* _Records for this exercise_

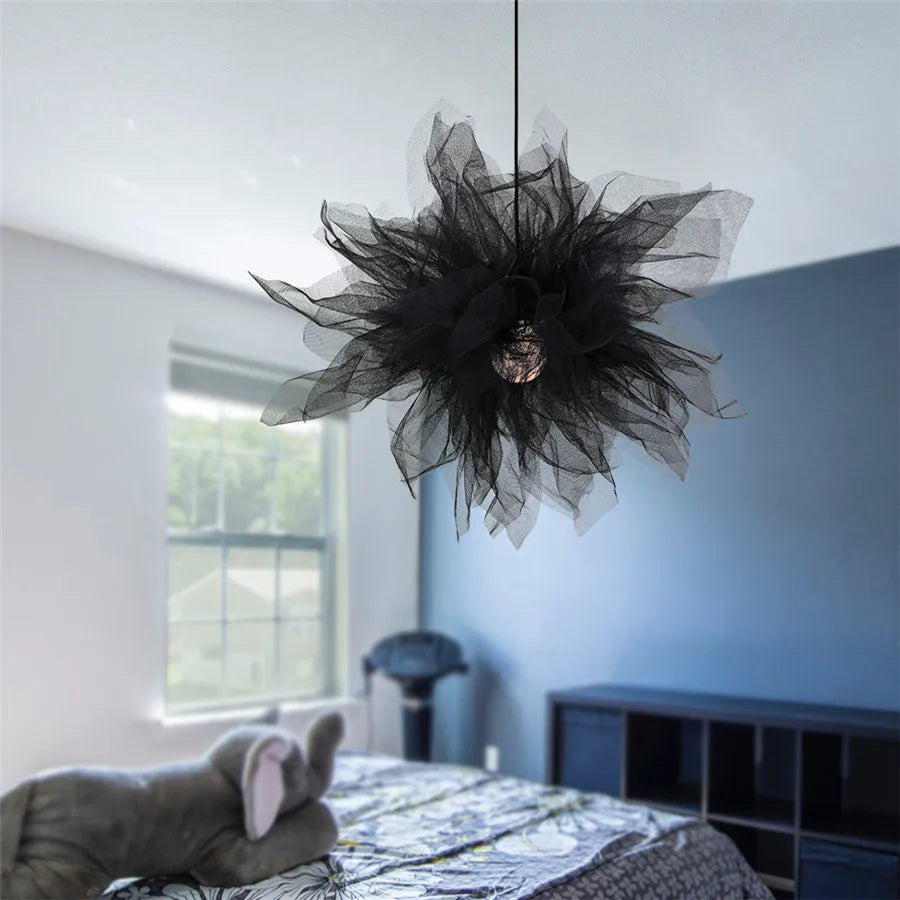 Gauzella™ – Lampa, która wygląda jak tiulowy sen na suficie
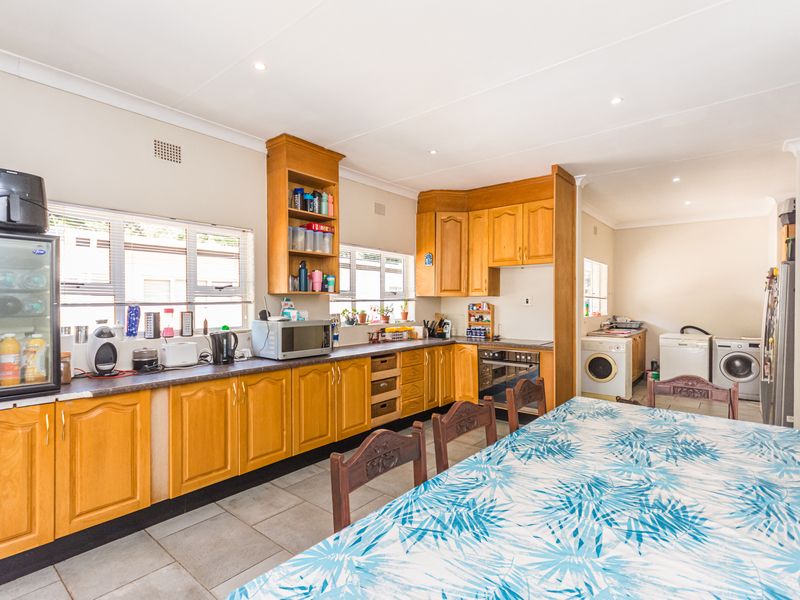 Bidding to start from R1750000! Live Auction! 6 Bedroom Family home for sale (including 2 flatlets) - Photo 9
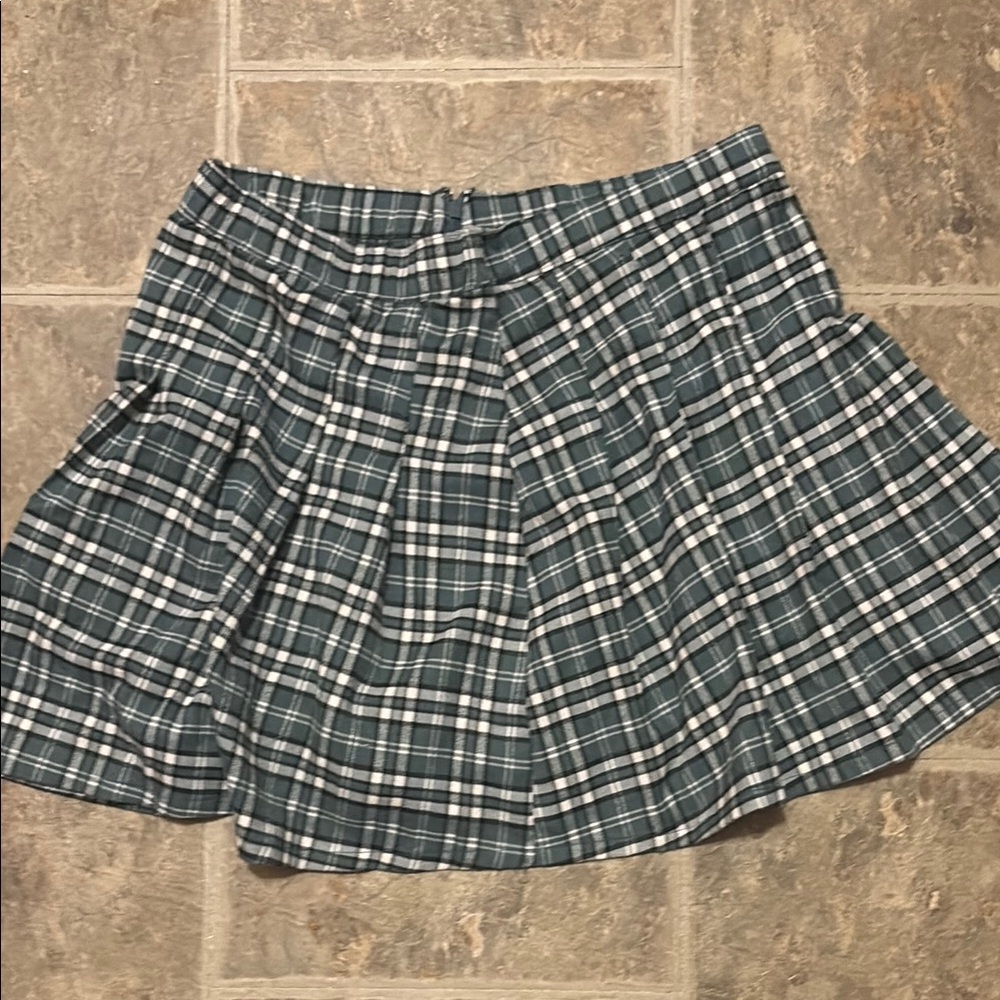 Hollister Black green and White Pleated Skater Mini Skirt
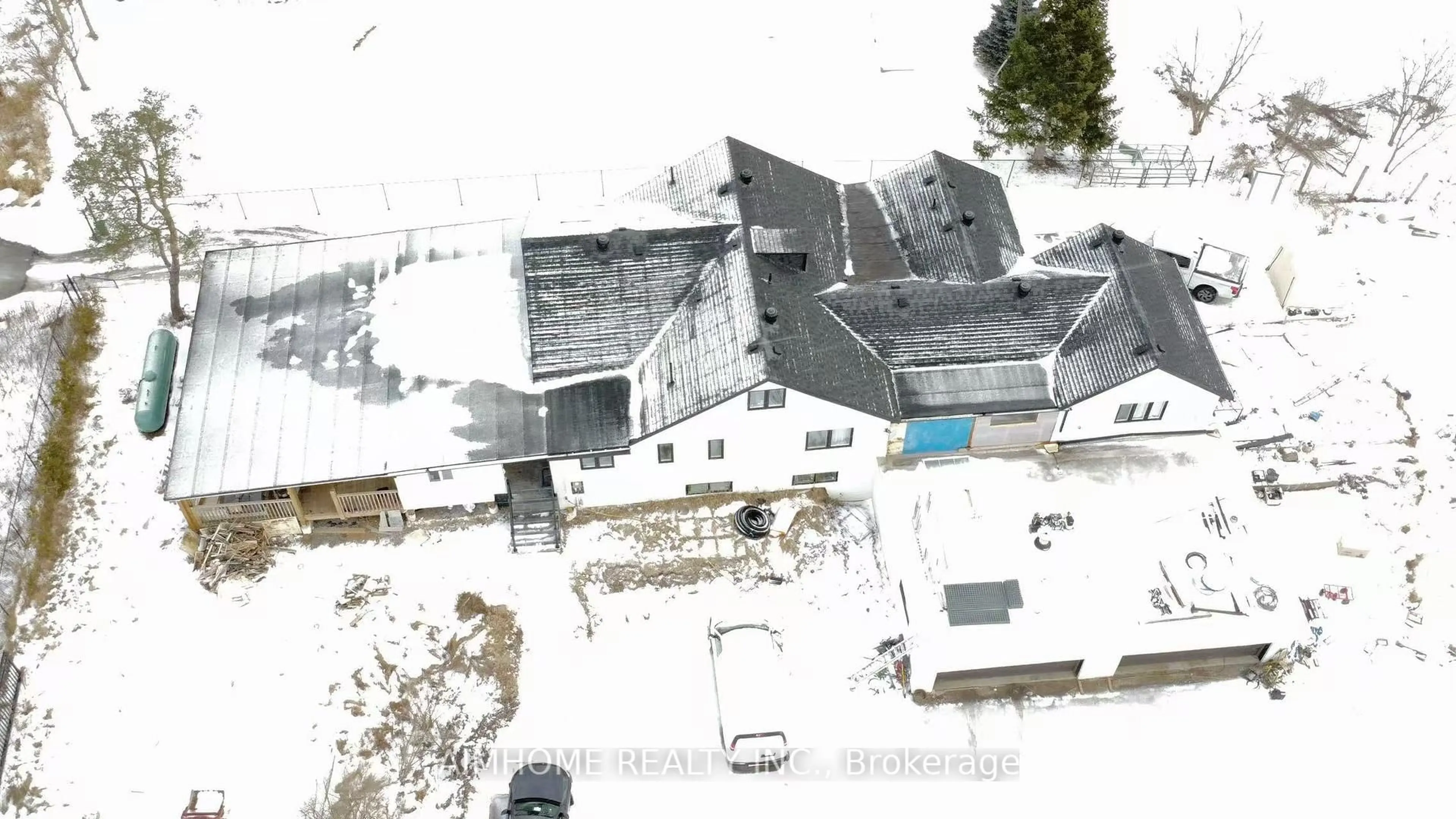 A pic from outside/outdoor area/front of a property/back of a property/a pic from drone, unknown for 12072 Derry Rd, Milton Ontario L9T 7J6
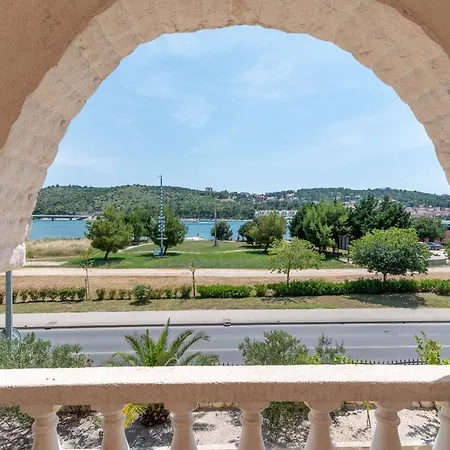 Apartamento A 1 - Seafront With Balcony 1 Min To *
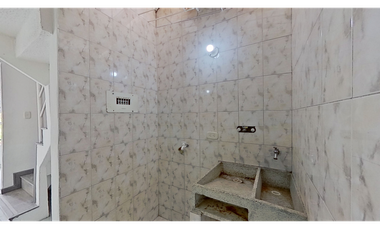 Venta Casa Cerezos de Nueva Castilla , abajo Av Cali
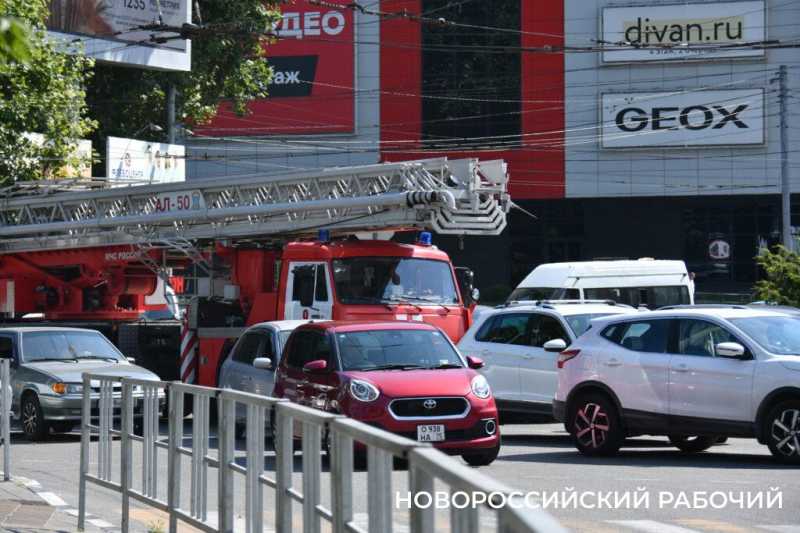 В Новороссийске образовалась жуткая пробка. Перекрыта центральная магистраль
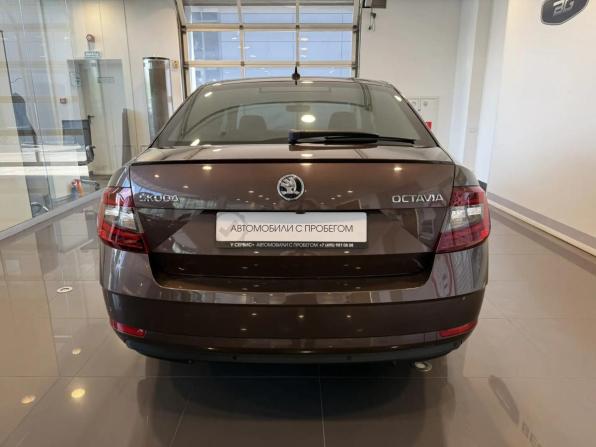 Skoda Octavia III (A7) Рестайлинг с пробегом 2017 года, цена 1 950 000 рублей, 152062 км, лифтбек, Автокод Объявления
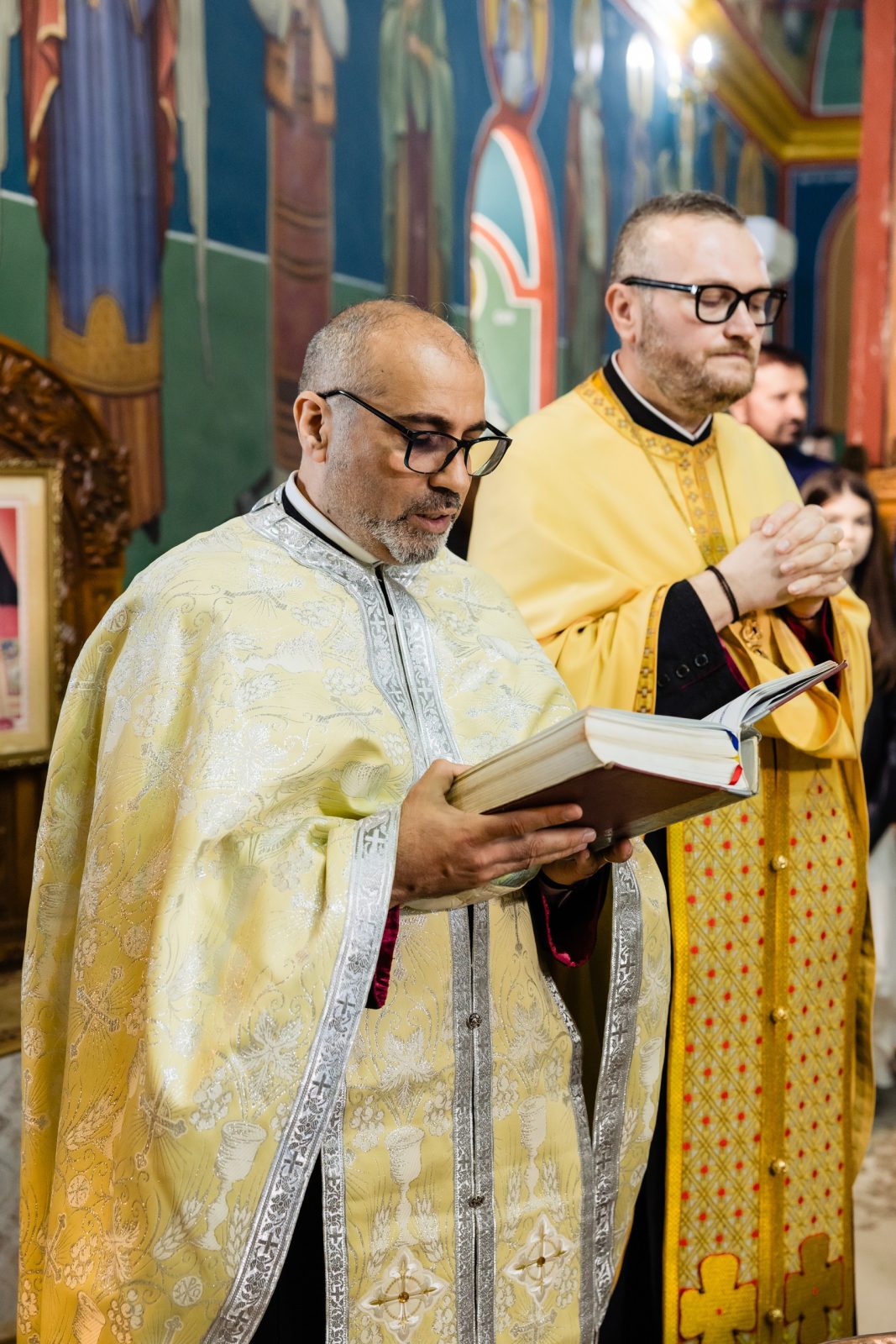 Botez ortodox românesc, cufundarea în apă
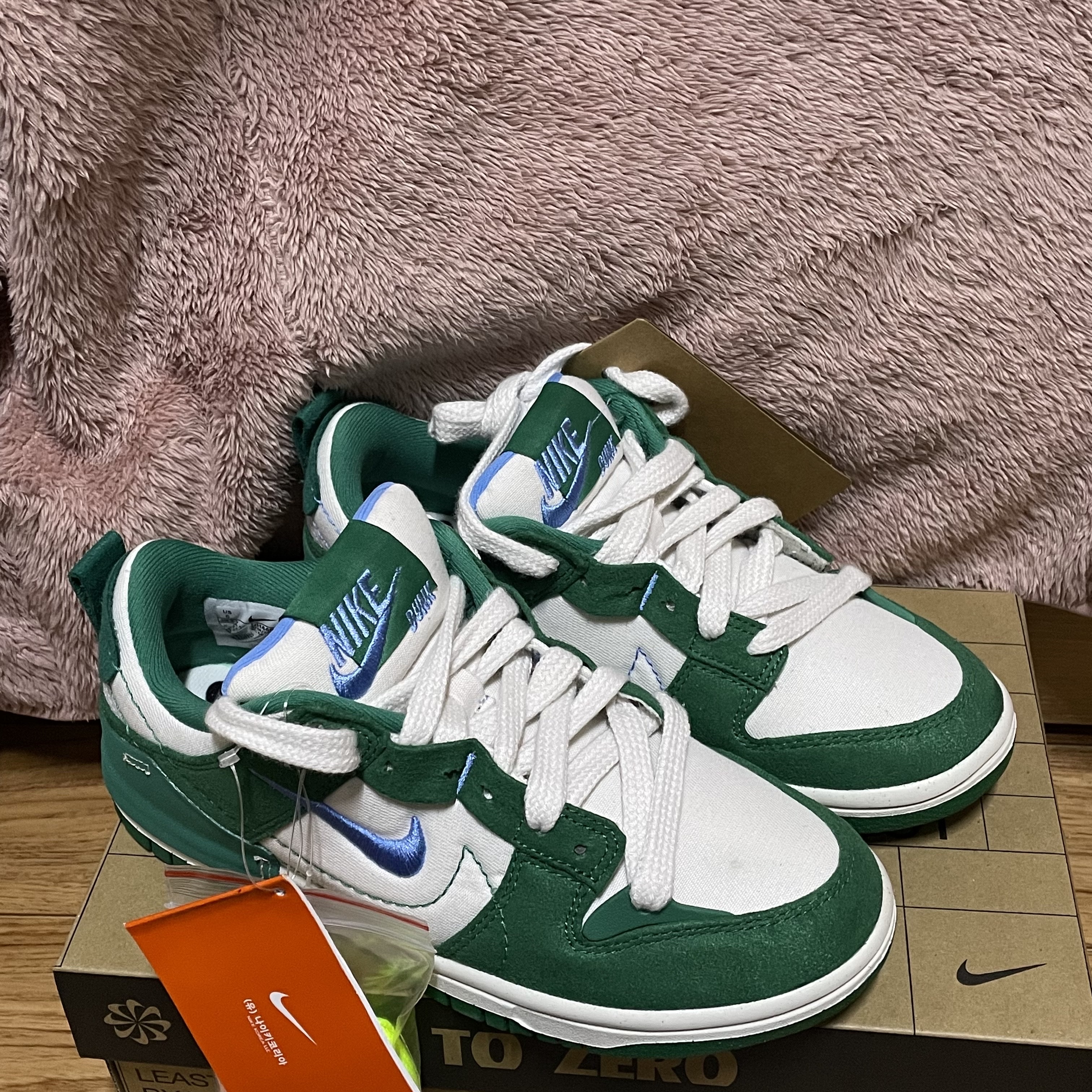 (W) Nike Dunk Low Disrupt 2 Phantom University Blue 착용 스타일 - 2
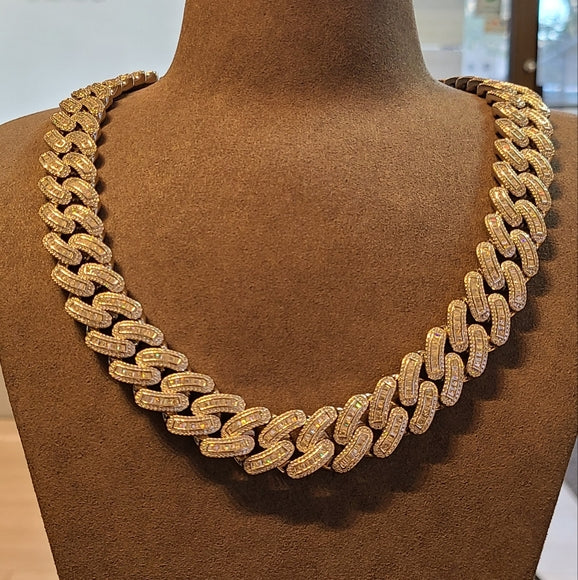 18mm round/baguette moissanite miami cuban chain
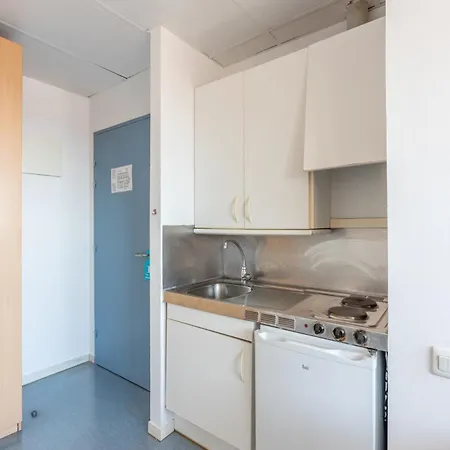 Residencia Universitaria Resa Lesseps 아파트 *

* _Exercise directions_
From the line with "18mm round/baguette moissanite" through the last line of the entries above, transcribe everything exactly, both ends included, but not the pictures.

* _Response box_
 18mm round/baguette moissanite miami cuban chain
 Residencia Universitaria Resa Lesseps 아파트 *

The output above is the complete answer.